Akron
Beacon Journal...
Drawn
to excess
September 25, 2011
Republicans
rammed their map of the
state’s new 16 congressional districts through the legislature Wedneday
on
party-line votes, sending the plan to Gov. John Kasich in the same
spirit of excessive
partisanship evident from the beginning of the redistricting process.
The state
is headed toward a March 6 primary with 12 districts that heavily favor
Republican candidates, a goal accomplished to a large degree by packing
Democrats into several oddly shaped territories, among them a district
stretching from Cleveland to Akron.
Republicans
argued the new 11th
District, drawn to protect Marcia Fudge, a Cleveland-area Democrat who
is the
only African-American in the state delegation, must have a voting-age
population that is 51 percent African-American. No such requirement
exists in
the Voting Rights Act.

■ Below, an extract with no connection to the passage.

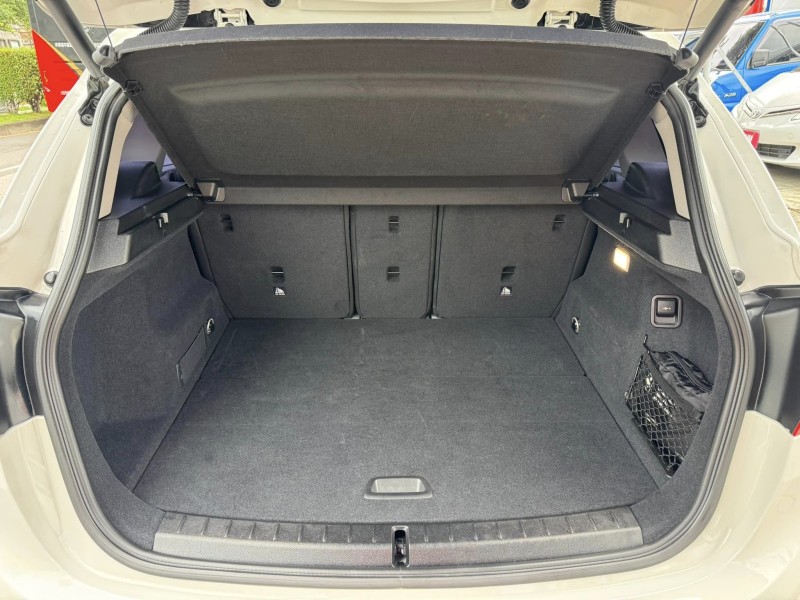BMW/ 寶馬  2 SERIES  218i 金鑽店~BMW218i 白 主要配備有 循跡防滑 斜坡起步輔助 胎壓監控 6安 免鑰啟動車門 定速 倒車影像 光感應頭燈 雨滴感應雨刷 電動折疊後視鏡 分區恆溫空調 電動尾門 自動停車 粉塵過濾器 後座出風口 LED日行燈 頭燈 尾燈 等多項配備！ | 新北市汽車商業同業公會｜TACA優良車商聯盟｜中古、二手車買車賣車公會認證保固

What the Republicans accomplished was a district
with a
Democratic voting index of 80 percent, opening suburban territory with
better
odds for the GOP.
Gone
was the moderation shown after
the 1990 census, when Republicans adopted a map for the Ohio
legislature under
the guidance of Jim Tilling, then chief executive officer of the Ohio
Senate.
The results are evident today, with nine Ohio House districts with
between 40
percent and 50 percent African-American voters, and five above.
None
shatters communities of interest
as the new 11th U.S. House District does, leaving a pocket of Akron
voters
isolated. Of the nine legislative districts below 50 percent
African-American,
eight have African-American representatives. Of the five above 50
percent, four
are so represented. In other words, getting to 51 percent means
nothing, except
to gain partisan advantage.
In
their zeal to lock down U.S. House
seats, Republicans invite eventual retaliation by Democrats,
contributing to a
style of politics that seeks maximum short-term gains, with little
chance for
long-range compromise.
Worth
recalling is Jon Husted’s effort
at compromise in 2009 and 2010, as a Republican state senator. Now
secretary of
state, he backed a bipartisan commission to devise congressional and
legislative districts, while Democrats emphasized the adoption of
formulas for
compactness, competitiveness and overall fairness. In the end, the old
system
remained, Republicans controlling congressional redistricting by
controlling
the legislature and the governor’s office and winning the statewide
offices
that decide new legislative districts.
Given
the stakes, devising a system
that eliminates political influences on new districts is an
impossibility. The
goal, as Husted correctly realized, is to inject bipartisanship,
blunting just
the kind of excesses his party demonstrated this week.